Stop switching between WU

Message boards : Questions and problems : Stop switching between WU
Message board moderation

To post messages, you must log in.

Previous · 1 · 2

AuthorMessage
Eduardo Bicudo Dreyfuss

Send message
Joined: 26 Jun 09
Posts: 8
Brazil
Message 25750 - Posted: 28 Jun 2009, 3:06:49 UTC - in response to Message 25733.  

I re-downloaded 6.6.36 and reset the project and it's running normally, i.e., running 2 cpu WUs and just 1 gpu task. 3hours has passed and I've already 3 cuda WUs finished.
ID: 25750 · Report as offensive
Eduardo Bicudo Dreyfuss

Send message
Joined: 26 Jun 09
Posts: 8
Brazil
Message 25773 - Posted: 29 Jun 2009, 1:53:30 UTC - in response to Message 25750.  

24hours and still running good (only 1 cuda task) after re-download of 6.6.36 and seti project reset. I set the contact/stock preferences to 1/3 and it has already fetched more work for either cpu and gpu and this didn't bothered the processing sequence till now. And the numbers already came back to the rising curve. My set up includes 1 hour outage everyday and the outage was also surpassed w/o any troubles.
ID: 25773 · Report as offensive
Fred - efmer.com
Avatar

Send message
Joined: 8 Aug 08
Posts: 570
Netherlands
Message 25775 - Posted: 29 Jun 2009, 5:41:44 UTC - in response to Message 25773.  
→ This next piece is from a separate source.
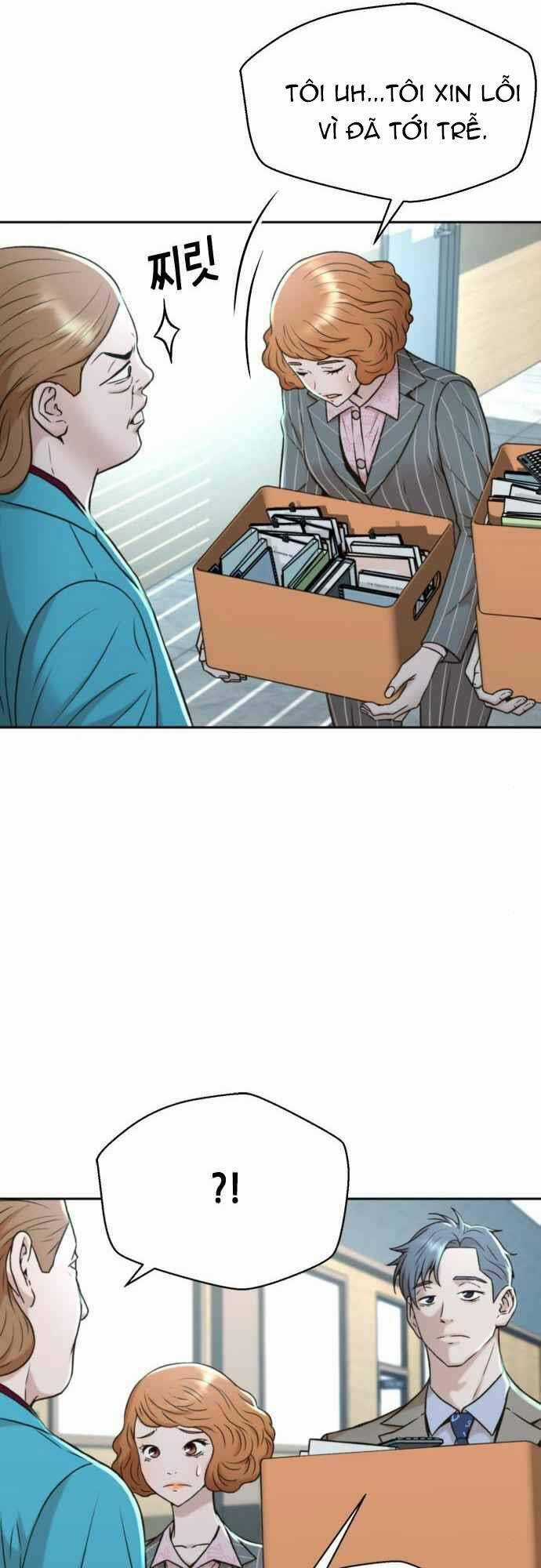 Thẩm Phán Lee Han Young - Chapter 41 - Trang 22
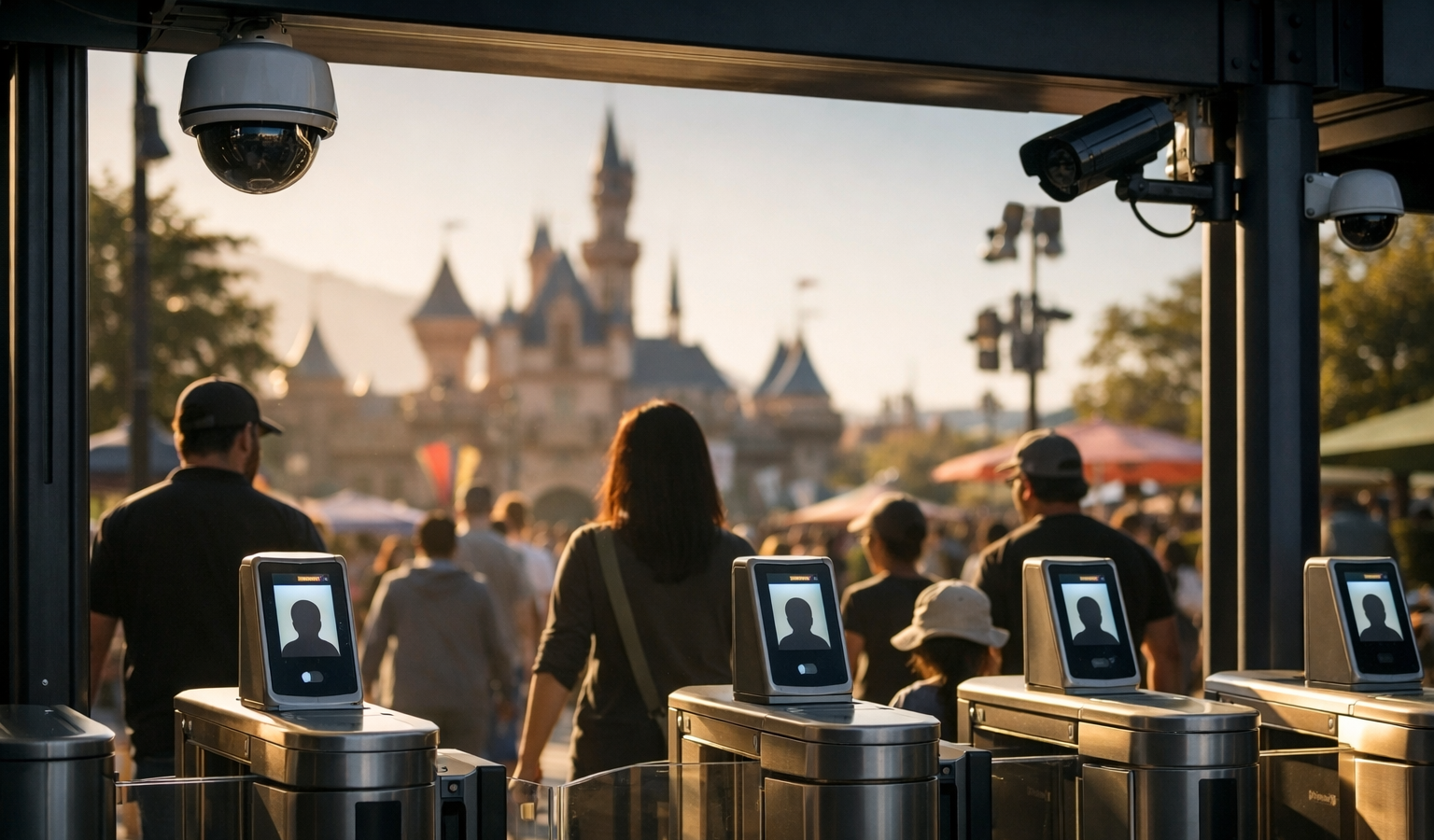 Disney sotto processo per il riconoscimento facciale nei parchi divertimento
I got more problems not less.
Now I got the problem on a computer with less than 1/2 day of WU left <400
It had about 30 CUDA WU waiting, and 7 in memory so that caused 1 of them to go in fallback mode. Had to do a reboot.
The WU that are still in waiting mode finish and report ok when they eventually get done that is.

I am going to fight this... Got 2 tactics :
1) Check the GPU temperature -> if it goes below 58C the system will reboot solving the problem.
2) Check for running CUDA programs -> if there are more than allowed, in this case 2 the system will reboot, solving the problem.
Written all of this in a program, hopefully this solves things. This is only for unattended system of course....
For the other system I send an email instead of doing the reboot, so I can decide what to do.

Because when the system reboots and runs again everything is fine for a long long time.
ID: 25775 · Report as offensive
Eduardo Bicudo Dreyfuss

Send message
Joined: 26 Jun 09
Posts: 8
Brazil
Message 25786 - Posted: 29 Jun 2009, 11:18:55 UTC - in response to Message 25773.  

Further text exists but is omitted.